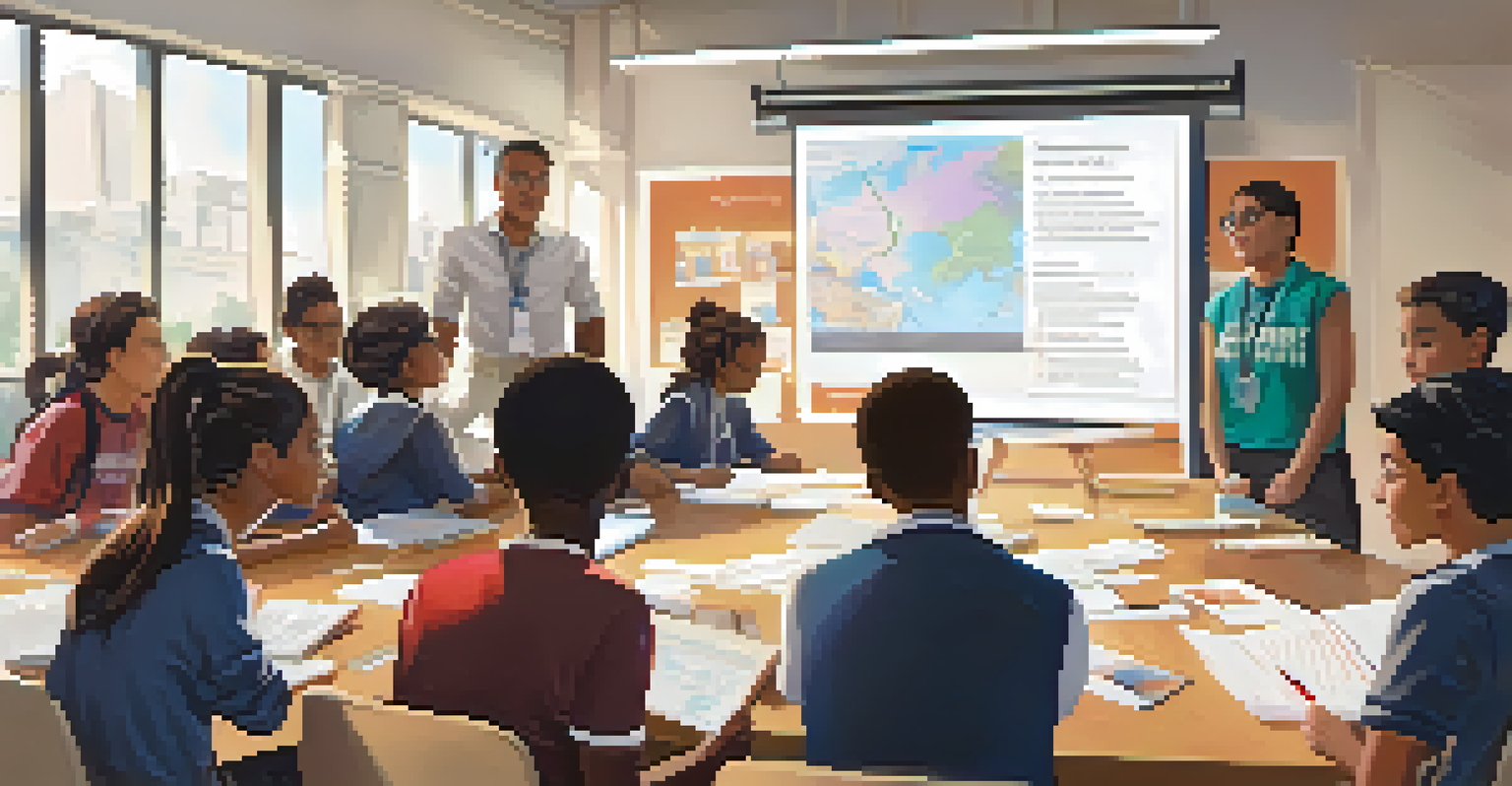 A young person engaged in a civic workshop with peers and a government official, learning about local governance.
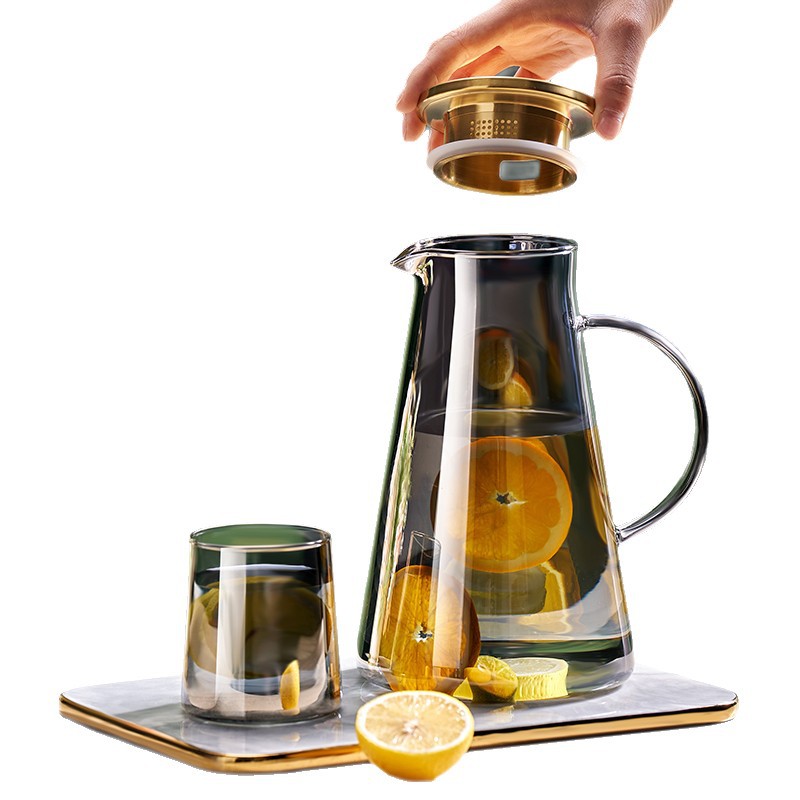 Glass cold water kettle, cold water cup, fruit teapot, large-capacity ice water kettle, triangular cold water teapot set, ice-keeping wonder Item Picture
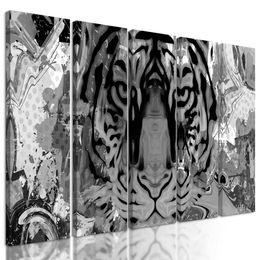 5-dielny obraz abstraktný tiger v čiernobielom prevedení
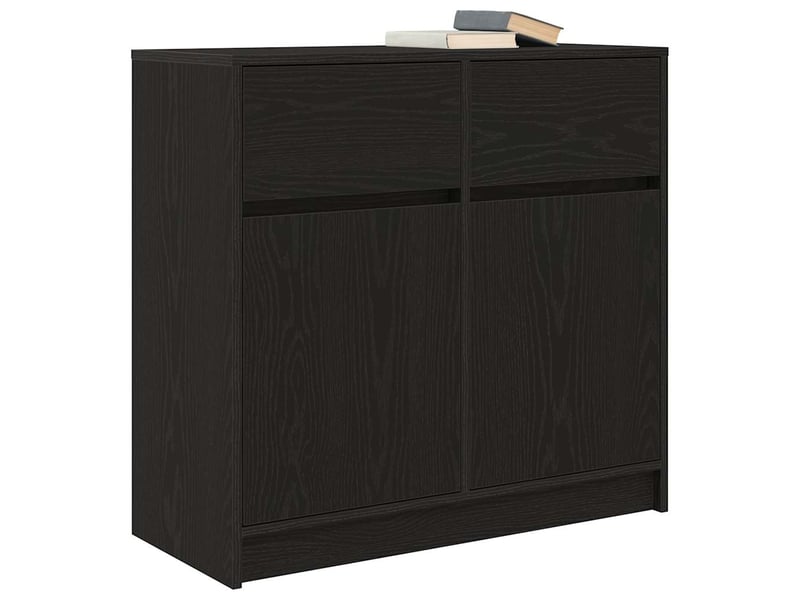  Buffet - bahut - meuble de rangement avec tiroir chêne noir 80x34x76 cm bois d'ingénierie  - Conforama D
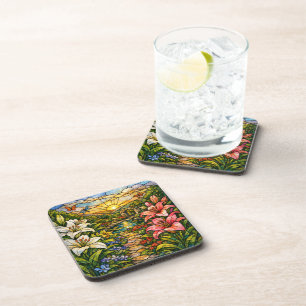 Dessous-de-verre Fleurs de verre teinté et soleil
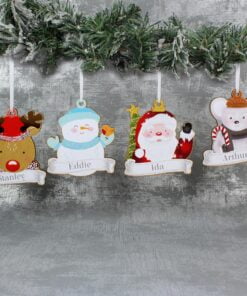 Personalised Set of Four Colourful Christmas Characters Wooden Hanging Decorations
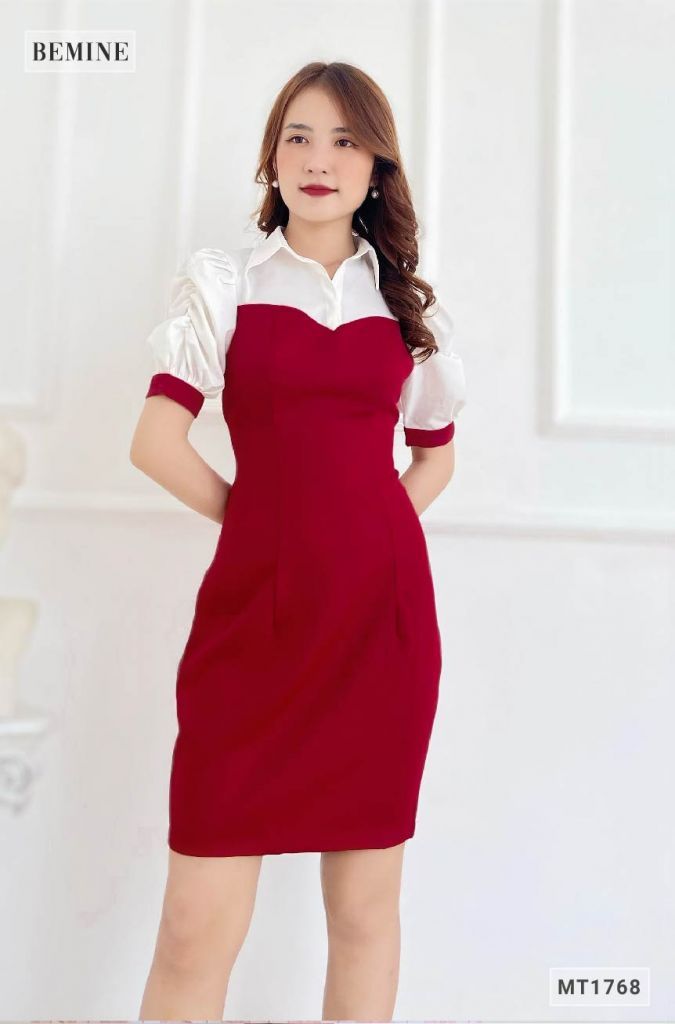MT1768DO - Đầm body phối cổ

- - -

Could you return, word for word, every line from the line with "Buffet - bahut" through the last line of the listing above, both ends included, without any pictures?

  Buffet - bahut - meuble de rangement avec tiroir chêne noir 80x34x76 cm bois d'ingénierie  - Conforama D
 Dessous-de-verre Fleurs de verre teinté et soleil
 Personalised Set of Four Colourful Christmas Characters Wooden Hanging Decorations
MT1768DO - Đầm body phối cổ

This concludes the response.